If you rebuild it, will they come? The Hillsborough Street Partnership says yes: Shape up the street, spruce up the sidewalks, jazz up the lighting and rezone those parking lots for combo stores-apartments-decks, and before long investors will be turning this economically depressed thoroughfare into a classy urban boulevard, repaying the public investment many times over.

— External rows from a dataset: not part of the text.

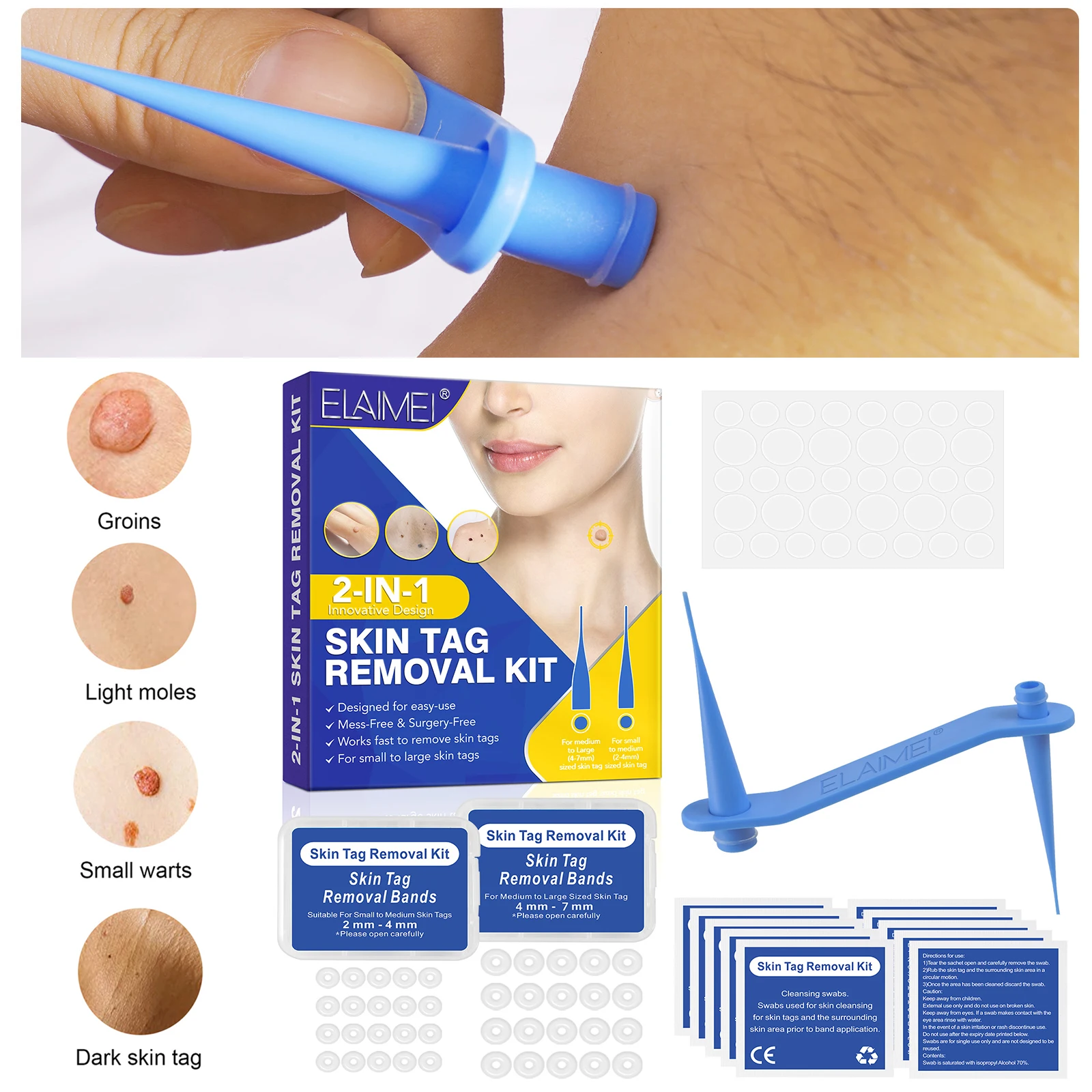 

1 Set Home Use Skin Tag Removal Kit Mole Wart Remover Equipment Micro Skin Tag Treatment Tool With Cleansing Swabs Easy To Clean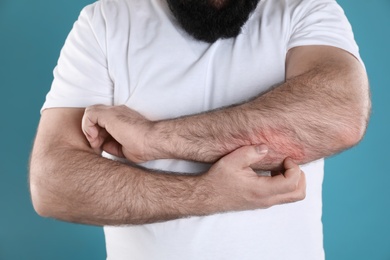 Photo of Man with allergy symptoms scratching forearm on color background, closeup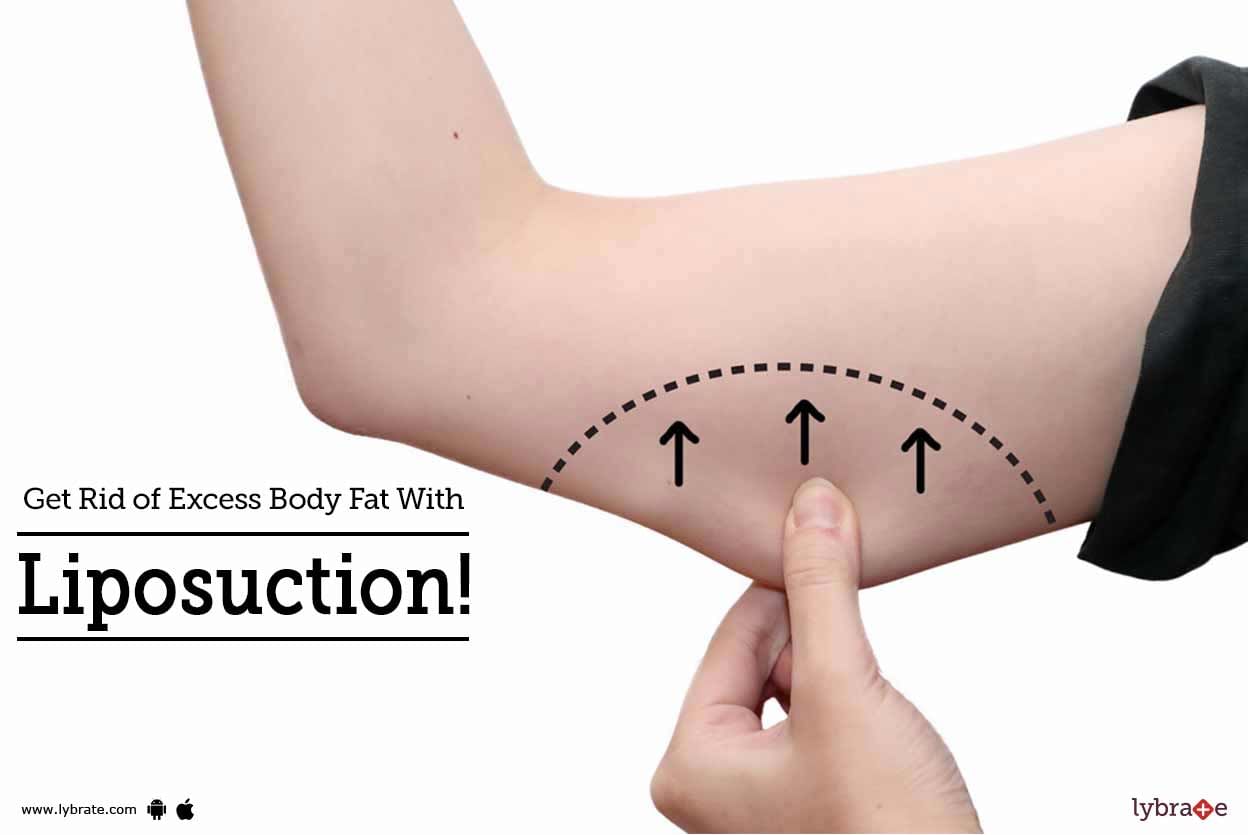 Get Rid of Excess Body Fat With Liposuction!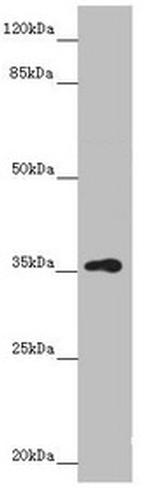 GNB1L Polyclonal Antibody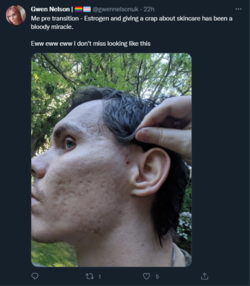 1.PNG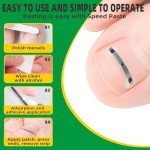 Titanium Ingrown Toenail Treatment and Removal Kit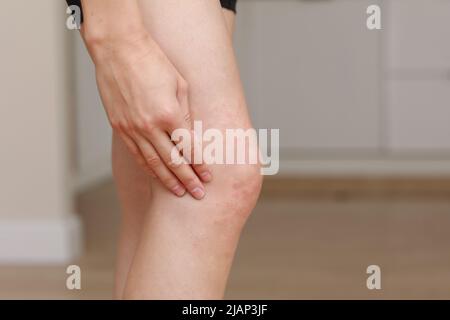 Hautallergien, Beine Haut Frauen. Nahaufnahme von roten Pusteln am Knie, einer allergischen Reaktion, die durch atopische Dermatitis verursacht wird. Ausgewählter Fokus. Stockfoto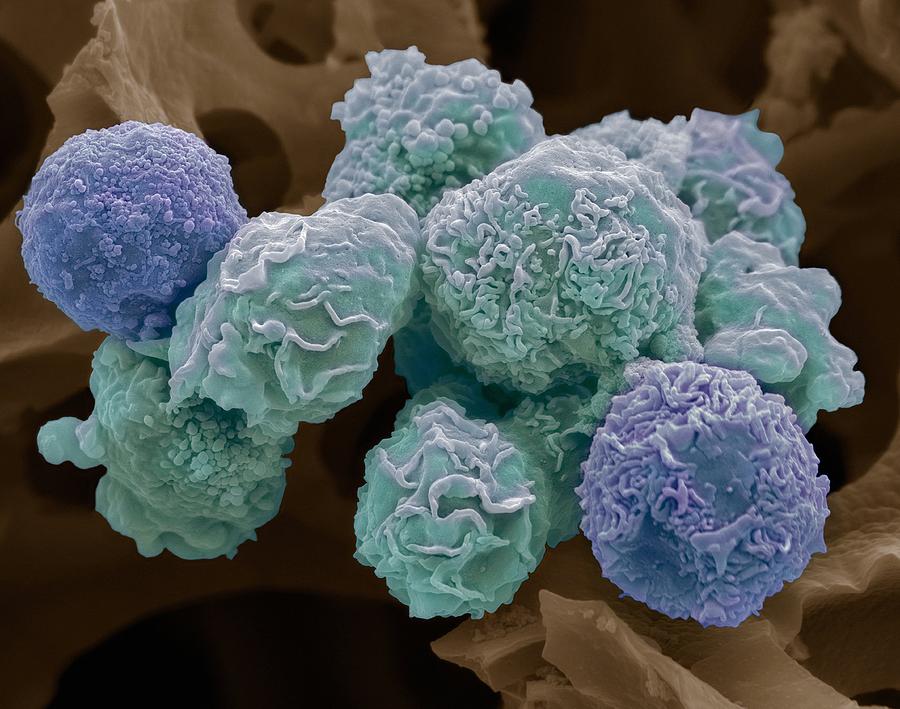 cervical-cancer-cells-sem-photograph-by-steve-gschmeissner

How to shape up the street? With roundabouts, of course. New to these parts, they’re common in Europe. Roundabouts take the place of left turns (you go around and turn right) and the back-ups that result from them. On Hillsborough Street, the idea is to replace four lanes of herky-jerky, accident-prone traffic with two free-flowing lanes, leaving more room for bicyclists, pedestrians and sidewalk sitting. The first of many planned roundabouts is nearing completion on Pullen Road, just off Hillsborough Street alongside the N.C. State campus. For a bit of fun, stop and watch as cautious citizens and, uh, eager students learn to apply the only roundabout rule you need–don’t cut in.
The partnership, a combination of university officials, city staff, local business owners and the residents of nearby University Park, is a forerunner of Mayor Meeker’s public-participation efforts. It started three years ago, when neighborhood leader Nina Szlosberg arranged for walkable-streets guru Dan Burden to visit from Florida. More than 500 people took part in the visioning sessions, a feasibility study followed (by Kimley-Horn and Associates, the engineering firm) and now the pretty pictures are being turned into reality. The estimated pricetag for everything in Phase 1–Gorman Street to Oberlin Road–is $26 million, which the city–as yet–doesn’t have. It should help that Szlosberg, a key Meeker supporter, was named by Gov. Easley to represent the conservation community on the state Board of Transportation. (She’s also chair of the Conservation Council of N.C.)
Kimley-Horn’s now looking at Phase 2, Oberlin to Morgan Street. (The dangerous Morgan-Hillsborough intersection is an obvious candidate for a roundabout, the firm’s Roger Henderson says.)
“Progress occurs when people cooperate,” is one of Szlosberg’s favorite sayings. Easier said than done, but her Partnership’s gone from imagining things to hammering out specific small-area plans that reconcile neighborhood and developers’ interests. The first of them, the Stanhope Village plan, had a public hearing in September. “There has been some push-pull” between the two big landowners involved and the residents of the Stanhope neighborhood,” Szlosberg says, “but overall, I think everyone feels very good about where we are.” The two sides listened to each, responded, and listened some more, she continues. “It feels so much better to be part of a plan that is born of real and positive exchange, rather than the contention and distrust we have seen in the past.”